5. Preaching should emphasize the practical application of Scripture.

The aim of all preaching is to change our lives. Even in his commentaries, you can scarcely find a page where Calvin does not apply the text in a practical way. In expounding on 2 Timothy 3:16, which says that Scripture is profitable for reproof and correction, he said, “Those who cannot bear to be reproved had better look for another school-master than God. There are many who will not stand it: ‘What! Is this the way to teach? Ho! We want to be won by sweetness.’ You do? Then go and teach God his lessons! ‘Ho! We want to be won in another style.’ Well, then, go to the devil’s school! He will flatter you enough—and destroy you” (CP, p. 14).

He said (CP, pp. 11-12), “When I expound Holy Scripture, I must always make this my rule: That those who hear me may receive profit from the teaching I put forward and be edified unto salvation.” He goes on to say that if we do not aim at that, we profane God’s Word. He asks, “Why do we come to the sermon?” He answers, “It is that God may govern us and that we may have our Lord Jesus Christ as sovereign Teacher” (CP, p. 26).

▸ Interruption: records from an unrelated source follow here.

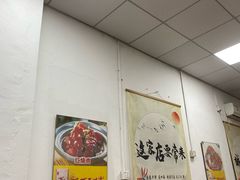 -南海渔村海鲜餐厅(溪涌店)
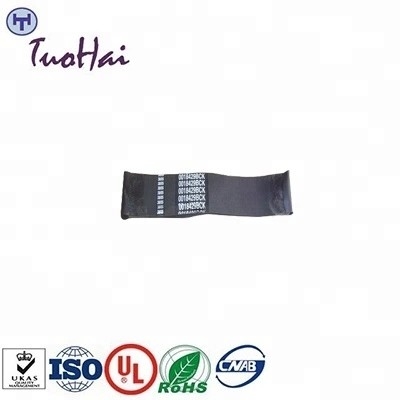 Black 009-0018429 0090018429 NCR 5877 Presenter Belt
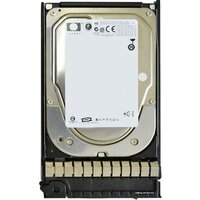 HP 300GB (652564-B21)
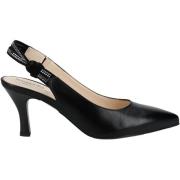 Pumps NeroGiardini Pumps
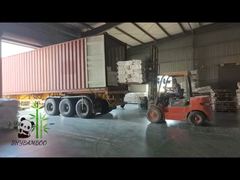 ก้านธูปไม้ไผ่ อโรมาเธอราปี สำหรับทุกฤดูกาล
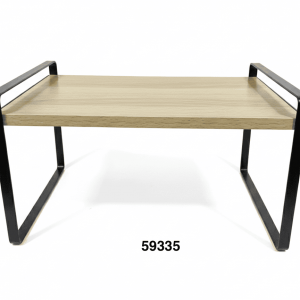 ELEVADOR 1NIVEL 30.7X20X18CM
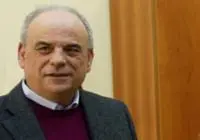 Ernesto Sauullo, nuovo presidente regionale SIPO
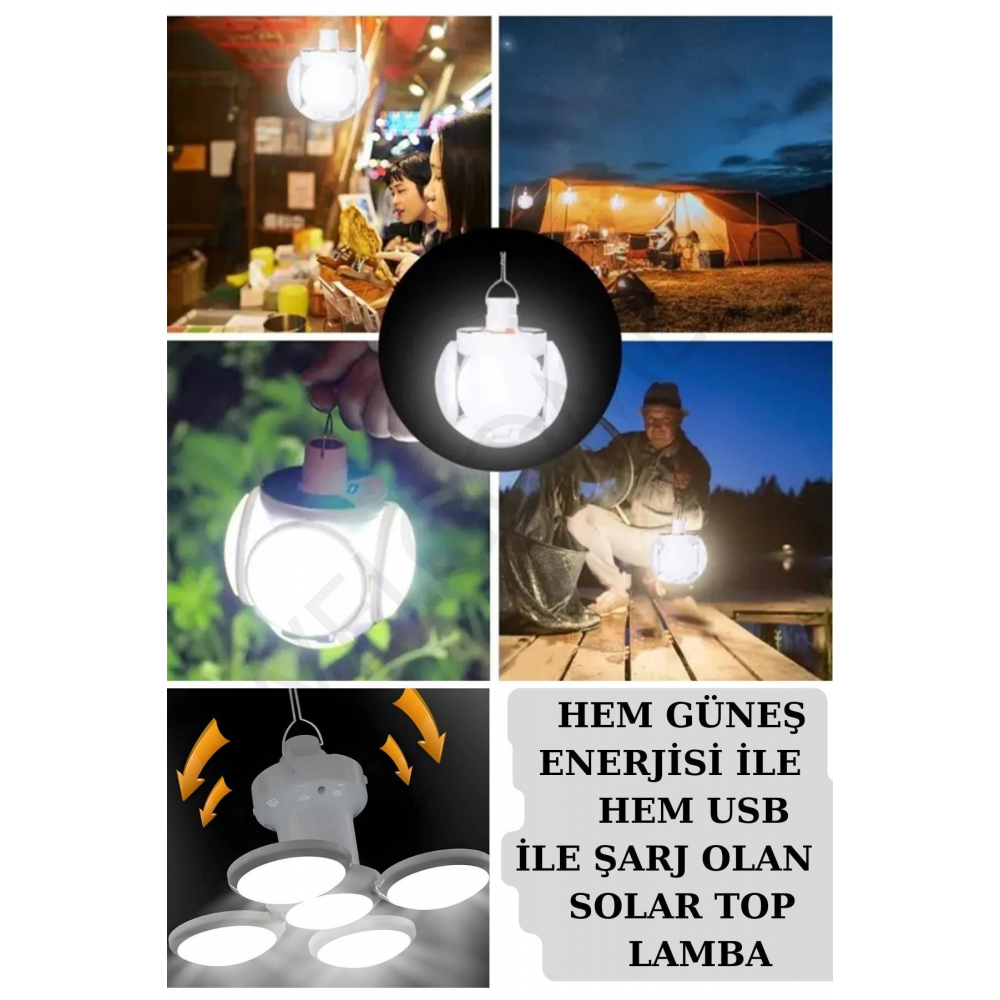 4 Kişilik Çadır 2 adet Katlanır-Şişme-Yatak,Sandalye ve Masa,2 Adet şişme Yastık ve Lamba Kamp Set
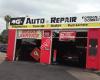 4G's Auto Repair
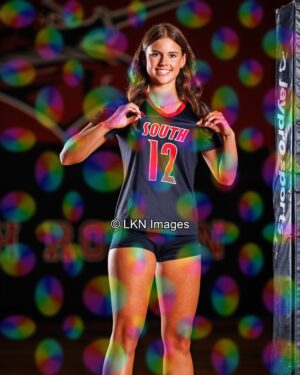 SRHS - Volleyball - W: CR6A2093_SRHS_Fall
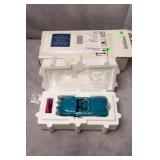 Franklin Mint 1960 Chevy Corvette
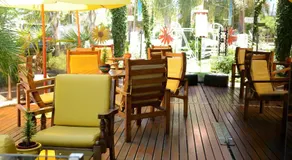 Hotel Capvio - Image 5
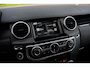 Land Rover Discovery 3.0 SDV6 HSE|2e Eig|DAB|Trekhaak|Panoramadak|EURO 6|MY2016|LED|Standkachel|Smetteloos|Volledig Onderhouden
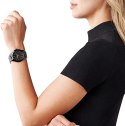 ZEGAREK DAMSKI MICHAEL KORS MK3221 - SLIM RUNWAY (zm500e) ZEGAREK DAMSKI MICHAEL KORS MK3221 - SLIM RUNWAY (zm500e)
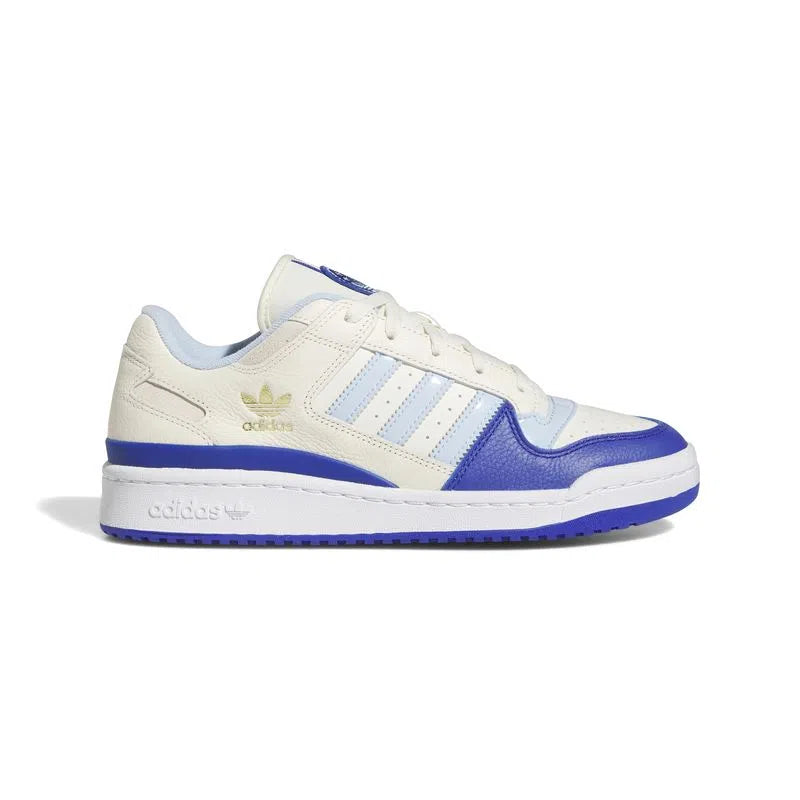 Adidas deals forum chile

Growth in holiness is always the bottom line of preaching.

Conclusion

I agree with J. I. Packer, who writes of Calvin (Great Leaders, p. 213),

He was, in fact, the finest exegete, the greatest systematic theologian, and the profoundest religious thinker that the Reformation produced. Bible-centered in his teaching, God-centered in his living, and Christ-centered in his faith, he integrated the confessional emphases of Reformation thought—faith alone, by Scripture alone, by grace alone, by Christ alone, for God’s glory alone—with supreme clarity and strength. He was ruled by two convictions that are written on every regenerate heart and expressed in every act of real prayer and real worship: God is all and man is nothing; and praise is due to God for everything good. Both convictions permeated his life, right up to his final direction that his tomb be unmarked and there be no speeches at his burial, lest he become the focus of praise instead of his God. Both convictions permeate his theology too.

Theodore Beza, who worked closely with Calvin in Geneva and became his successor after Calvin’s death, knew Calvin as few men did. He wrote of him (Christian History, p. 19), “I have been a witness of him for sixteen years and I think that I am fully entitled to say that in this man there was exhibited to all an example of the life and death of the Christian, such as it will not be easy to depreciate, and it will be difficult to imitate.” This understanding of Calvin as a godly man, who has had an almost unparalleled impact on the history of the church, suggests that we all can learn much from John Calvin and his preaching.